Morocco is the largest energy importer of the Middle East and North Africa. On the other hand, Morocco’s potential in terms of green energy production is huge. The North African kingdom has decided to exploit its potential.
The country’s energy consumption has been growing by 6.5 percent in the last decade. It doesn’t have oil or natural gas reserves – though it hasn’t given up looking for them – and aims at freeing itself from dependence on imported fossil fuels. According to ‘EcoMENA’, a website promoting sustainability in the region, in 2012 Morocco spent about 10 million dollars to import energy. Furthermore, Moroccan budget was strained by diesel subsidies. Bravely, the incumbent government has decided to cut the subsidies starting from January 1.
Morocco is literally bathed in sunlight, with an average 3,000 hours of sunshine per year. In addition to this, Morocco has 3,500 kilometres of coastline with winds running at an average speed of 5,6 metres per second on 90 percent of the territory. In the regions around Tetouan and Tangier, winds run at a speed between 9,5 and 11 metres per second (40 metres altitude).
Morocco already prides itself on the biggest wind farm in the whole African continent. Launched in December 2014, Tarfaya wind farm has a capacity of about 300 megawatts. Overall, Moroccan wind energy production is around 800 megawatts. Estimates reckon that Morocco’s inland potential is about 25 gigawatts. Its offshore potential is estimated at 250 gigawatts. The government aims at adding 2,000 megawatts to its current production by 2020.
Morocco has also launched an ambitious plan to exploit solar power. The project was aptly named Noor – which means light, in Arabic. Once completed, it will be the biggest solar plant on earth: Covering an area of 30 square kilometres it will be the size of Rabat, Morocco’s capital. The project is divided into four phases. Phase one, called Noor 1, was launched by King Mohamed VI in 2013. Its cost was about 660 million dollars.

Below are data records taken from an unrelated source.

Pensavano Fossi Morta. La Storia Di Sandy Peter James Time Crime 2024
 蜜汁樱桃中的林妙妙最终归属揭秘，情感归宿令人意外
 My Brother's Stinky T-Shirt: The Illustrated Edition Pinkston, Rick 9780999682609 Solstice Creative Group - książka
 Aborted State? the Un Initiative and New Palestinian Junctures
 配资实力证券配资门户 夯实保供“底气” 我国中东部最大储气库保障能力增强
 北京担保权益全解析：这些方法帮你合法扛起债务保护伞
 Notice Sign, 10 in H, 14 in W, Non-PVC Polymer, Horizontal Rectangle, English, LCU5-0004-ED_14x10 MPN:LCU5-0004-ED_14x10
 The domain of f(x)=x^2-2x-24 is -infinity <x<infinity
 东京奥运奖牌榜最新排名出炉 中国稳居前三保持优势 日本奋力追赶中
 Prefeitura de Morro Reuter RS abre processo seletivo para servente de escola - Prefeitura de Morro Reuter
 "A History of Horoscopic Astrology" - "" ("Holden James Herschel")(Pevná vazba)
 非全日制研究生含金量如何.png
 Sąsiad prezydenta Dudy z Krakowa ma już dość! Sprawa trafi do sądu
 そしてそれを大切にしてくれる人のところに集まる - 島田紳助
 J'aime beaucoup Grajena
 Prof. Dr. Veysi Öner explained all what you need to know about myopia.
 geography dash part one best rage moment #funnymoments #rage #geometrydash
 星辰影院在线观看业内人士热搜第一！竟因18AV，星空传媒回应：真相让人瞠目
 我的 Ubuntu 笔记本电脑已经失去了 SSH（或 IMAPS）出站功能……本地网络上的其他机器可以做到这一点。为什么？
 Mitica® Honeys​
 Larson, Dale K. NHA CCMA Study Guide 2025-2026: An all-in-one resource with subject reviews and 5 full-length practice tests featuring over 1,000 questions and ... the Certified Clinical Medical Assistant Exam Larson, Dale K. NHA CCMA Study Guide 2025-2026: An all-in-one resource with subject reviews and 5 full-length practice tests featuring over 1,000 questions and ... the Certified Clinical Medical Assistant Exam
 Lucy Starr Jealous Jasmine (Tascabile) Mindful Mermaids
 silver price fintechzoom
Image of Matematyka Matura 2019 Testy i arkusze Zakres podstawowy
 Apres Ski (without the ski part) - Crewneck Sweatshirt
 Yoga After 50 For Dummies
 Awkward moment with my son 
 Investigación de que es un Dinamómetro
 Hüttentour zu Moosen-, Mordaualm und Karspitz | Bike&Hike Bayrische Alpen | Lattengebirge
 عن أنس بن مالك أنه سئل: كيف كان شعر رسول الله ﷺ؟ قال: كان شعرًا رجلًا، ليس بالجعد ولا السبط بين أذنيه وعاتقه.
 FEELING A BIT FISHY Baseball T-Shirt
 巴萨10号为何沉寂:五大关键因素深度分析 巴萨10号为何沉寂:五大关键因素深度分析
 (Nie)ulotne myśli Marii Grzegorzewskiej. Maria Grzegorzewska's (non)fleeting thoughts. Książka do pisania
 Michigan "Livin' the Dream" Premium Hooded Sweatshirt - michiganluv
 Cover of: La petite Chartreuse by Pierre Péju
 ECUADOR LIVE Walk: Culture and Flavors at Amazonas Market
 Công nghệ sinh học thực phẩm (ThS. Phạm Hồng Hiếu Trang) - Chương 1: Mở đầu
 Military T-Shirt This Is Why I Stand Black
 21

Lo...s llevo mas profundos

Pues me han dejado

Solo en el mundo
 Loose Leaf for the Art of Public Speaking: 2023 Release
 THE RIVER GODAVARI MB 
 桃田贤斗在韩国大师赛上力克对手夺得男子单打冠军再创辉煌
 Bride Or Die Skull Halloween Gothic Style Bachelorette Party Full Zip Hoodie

The whole project requires investments for 9 billion dollars. International institutions like the World Bank, the European Investment Bank, and the African Development Bank as well as national institutions like the German public bank and the French development agency provided funds.
Noor 1 energy production should have started by the end of 2015 – in fact, the start of operations was supposed to follow suit the climate conference in Paris (COP21). Instead, King Mohamed VI inaugurated the thermodynamic solar power plant on Thursday 4 February, afore Spanish foreign minister, José Manuel Garcia–Margallo, and French ministry of ecology, Ségolène Royal.
Phase two and three – which will produce 200 megawatts and 150 megawatts, respectively – should be launched this year, while phase four – which will produce the smallest share, 70 megawatts – is at the call for tenders stage.
Once completed, Noor will produce 580 megawatts, enough to light one million houses. Noor 1 alone should produce around 160 megawatts. The plant is located in south central Morocco, near Ouarzazate, nicknamed ‘the door of the desert’. The glance over 800 rows of parabolic troughs – that is, 500,000 mirrors, 12 metres high, which follow the sun through the day – so close to the reddish sand of the desert is impressing – even for a location like Ouarzazate used to host great movie productions like ‘Lawrence of Arabia‘ and ‘The Mummy‘, and TV series like ‘Game of Thrones‘.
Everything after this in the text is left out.